* **Data for review**
======

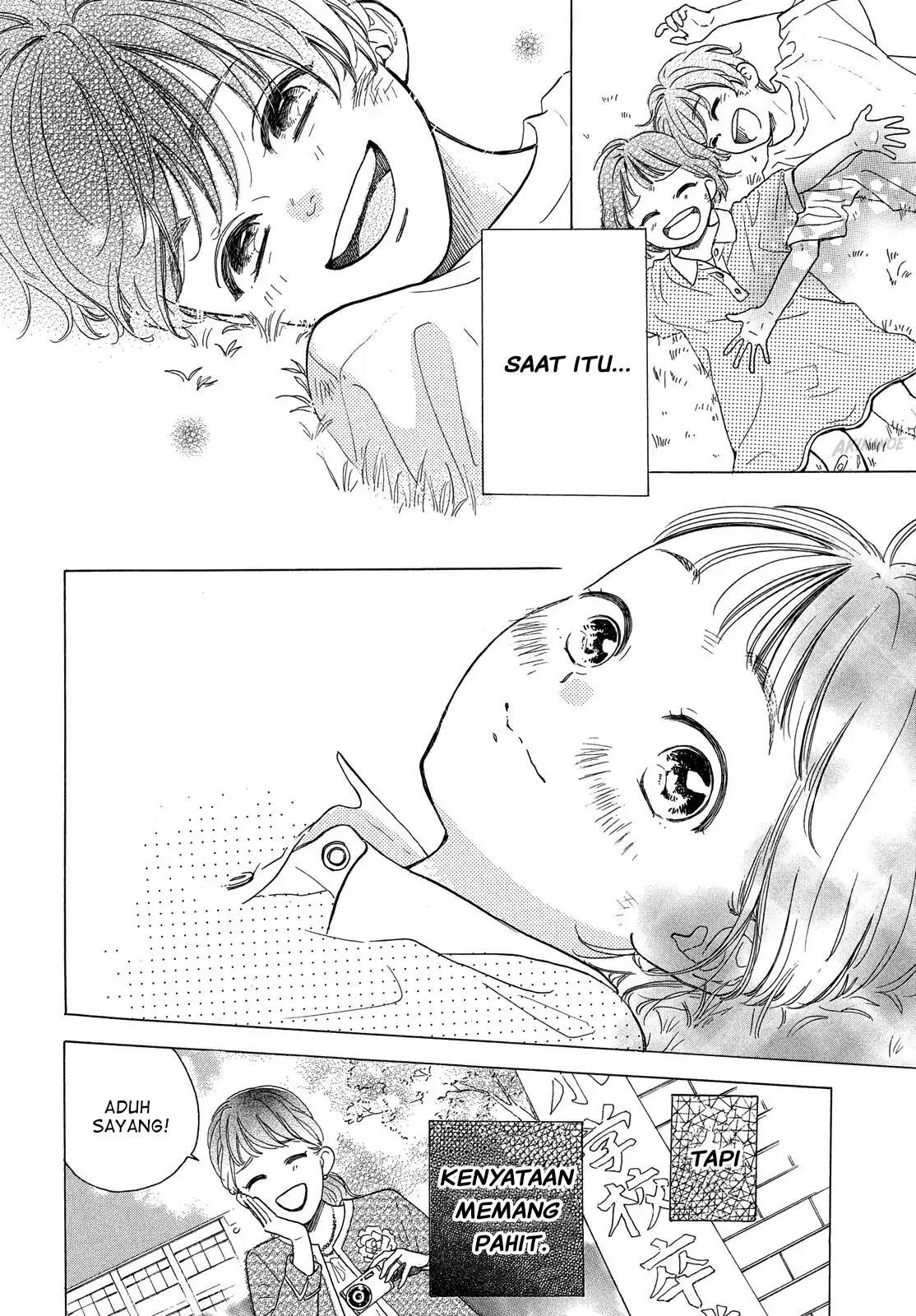 Chapter 1 - halaman 23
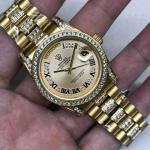 Rolex Hot Watches RHW485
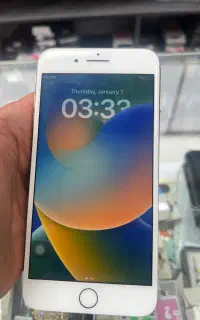 iphone8plus64G
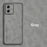 For Motorola Moto G84 G54 G34 G24 G14 G22 5g Luxury Sheepskin Leather Case On G 84 54 34 24 14 22 Men Retro Business Back Cover - Wolnne marketMoto G24For Motorola Moto G84 G54 G34 G24 G14 G22 5g Luxury Sheepskin Leather Case On G 84 54 34 24 14 22 Men Retro Business Back CoverunisexWolnne marketWolnne market10:365211#Moto G24;14:691#GrayGray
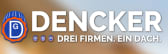 Logo von Dencker's Wartungs-Service GmbH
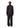 Freddy 1630 - Brown Stripe-Blazers-Nn. 07-Butler Loftet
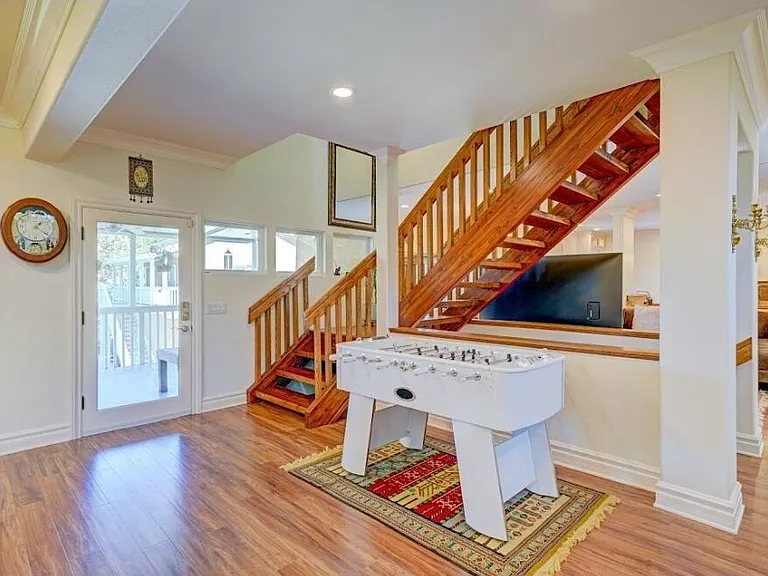 1377 Knoll Rd #B — Photo 20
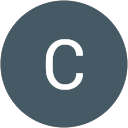 Colleen K. profile picture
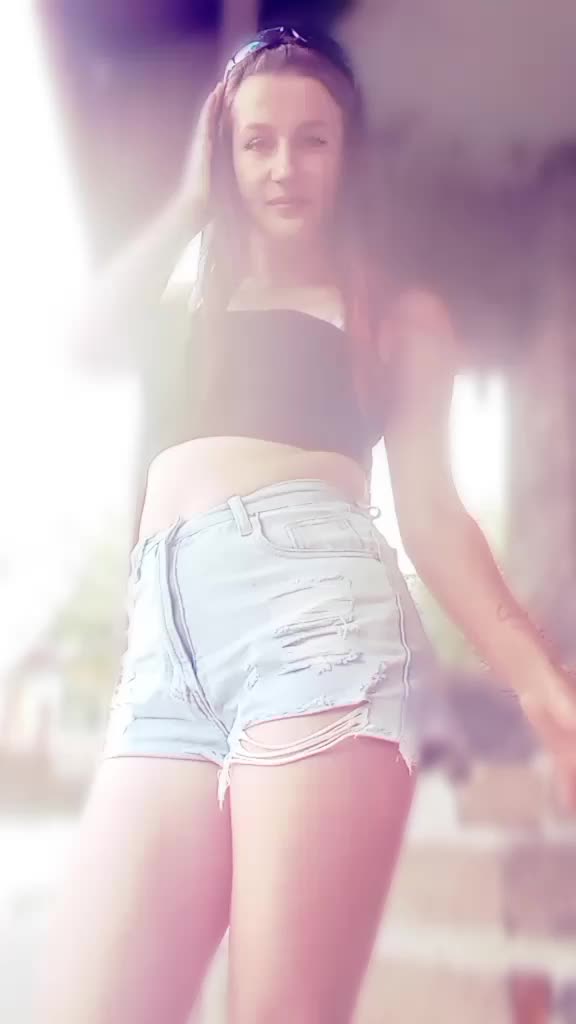 @🌿daniela_🌿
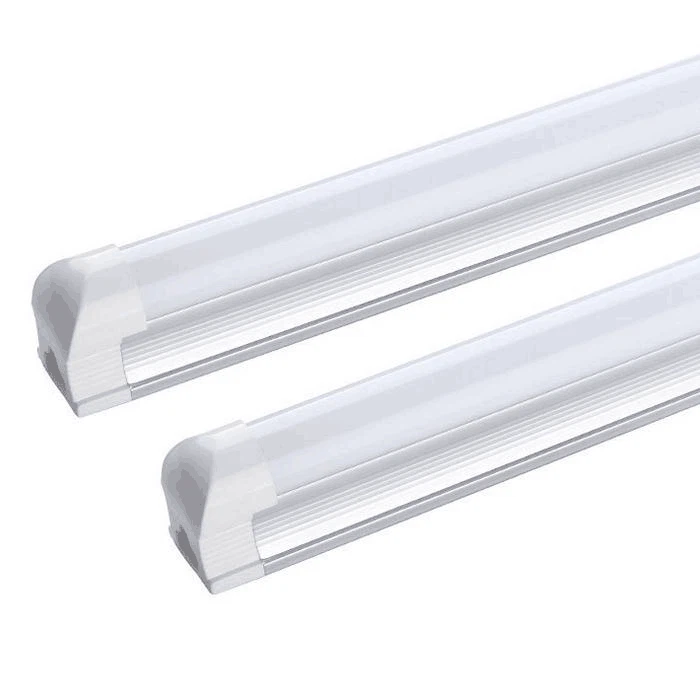 12V DC LED Integrated Tube Light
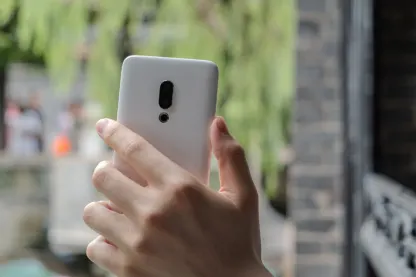 Kasino Mr Mobi Apl Mudah Alih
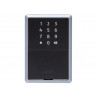 ABUS 787 SMART-BT KeyGarage - 63824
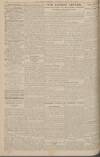 Leeds Mercury Saturday 21 July 1923 Page 8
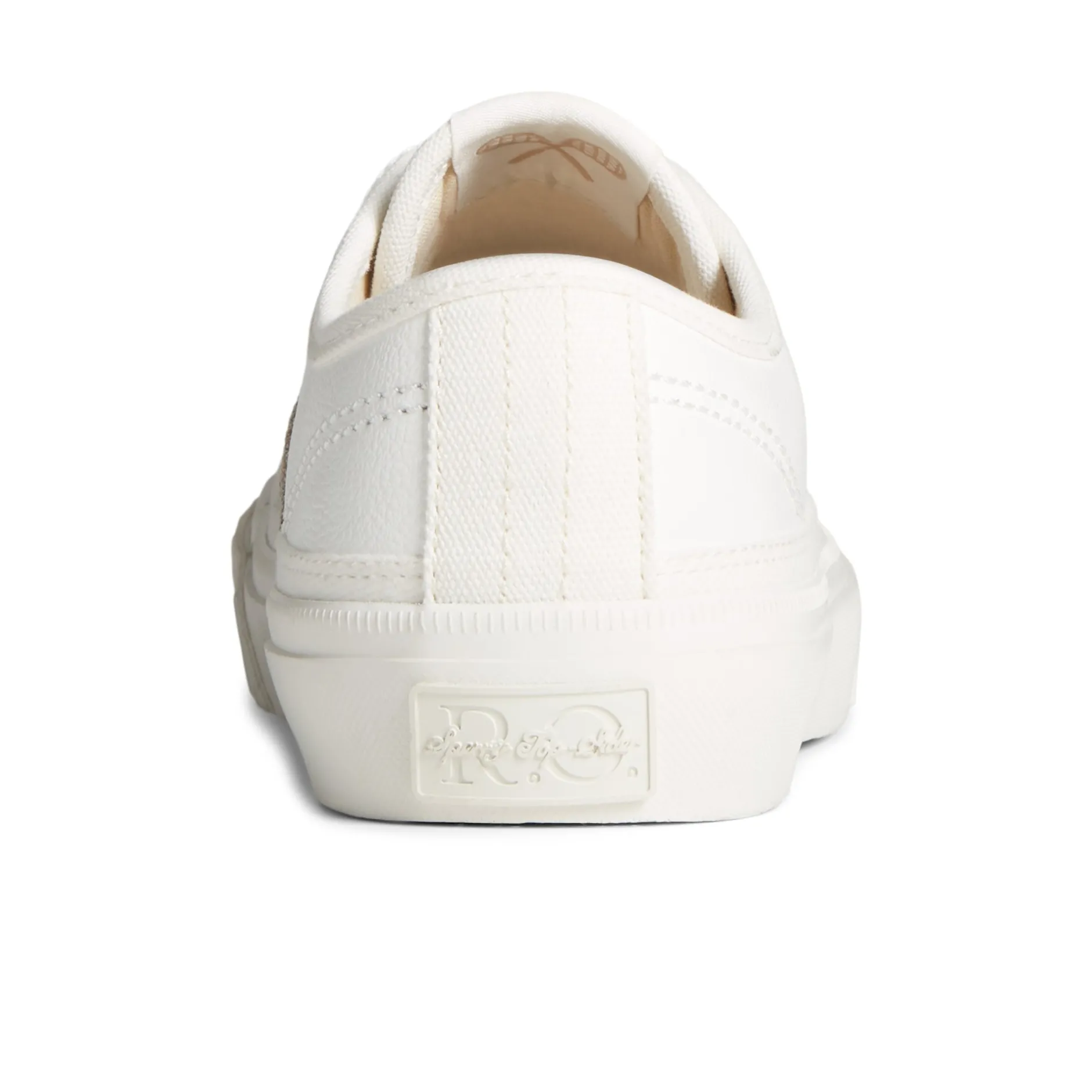 Sperry Shoes | Sneakers^Racquet Oxford
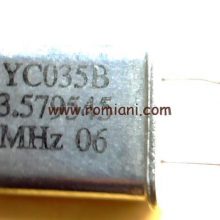 yc035b-3/579545-mhz-06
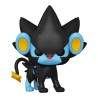 Figura POP  Luxray  de Pokemon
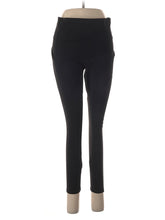 1 size - Sm (Estimated)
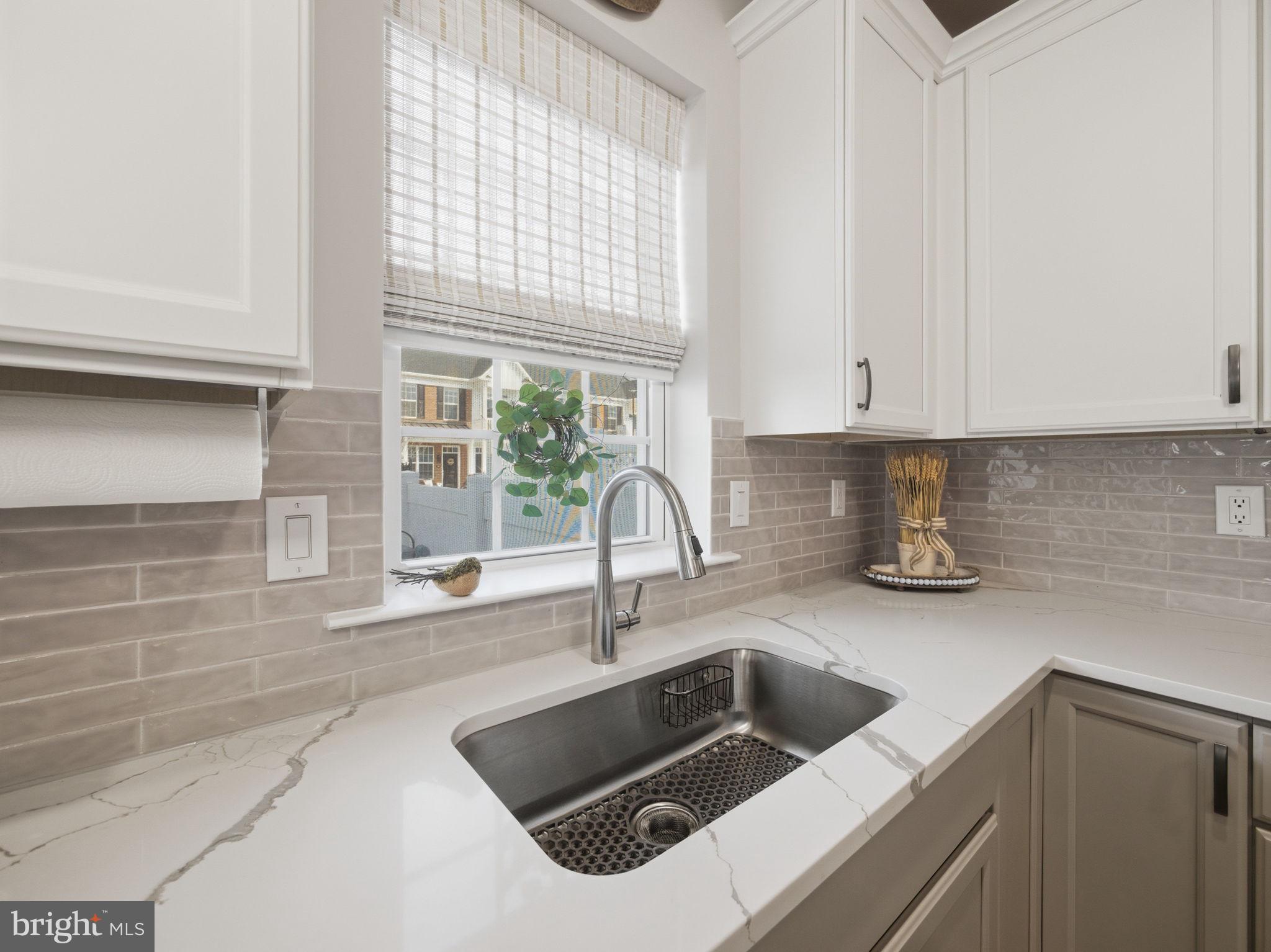 GREENBROOK - Residential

======

* **Aim of the exercise**
Drop the pictures and reproduce the rest of the data exactly.

* **Task solution**
 Chapter 1 - halaman 23
 Rolex Hot Watches RHW485
 iphone8plus64G
 For Motorola Moto G84 G54 G34 G24 G14 G22 5g Luxury Sheepskin Leather Case On G 84 54 34 24 14 22 Men Retro Business Back Cover - Wolnne marketMoto G24For Motorola Moto G84 G54 G34 G24 G14 G22 5g Luxury Sheepskin Leather Case On G 84 54 34 24 14 22 Men Retro Business Back CoverunisexWolnne marketWolnne market10:365211#Moto G24;14:691#GrayGray
 Logo von Dencker's Wartungs-Service GmbH
 Freddy 1630 - Brown Stripe-Blazers-Nn. 07-Butler Loftet
 1377 Knoll Rd #B — Photo 20
 Colleen K. profile picture
 @🌿daniela_🌿
 12V DC LED Integrated Tube Light
 Kasino Mr Mobi Apl Mudah Alih
 ABUS 787 SMART-BT KeyGarage - 63824
 Leeds Mercury Saturday 21 July 1923 Page 8
 Sperry Shoes | Sneakers^Racquet Oxford
 yc035b-3/579545-mhz-06
 Figura POP  Luxray  de Pokemon
 1 size - Sm (Estimated)
 GREENBROOK - Residential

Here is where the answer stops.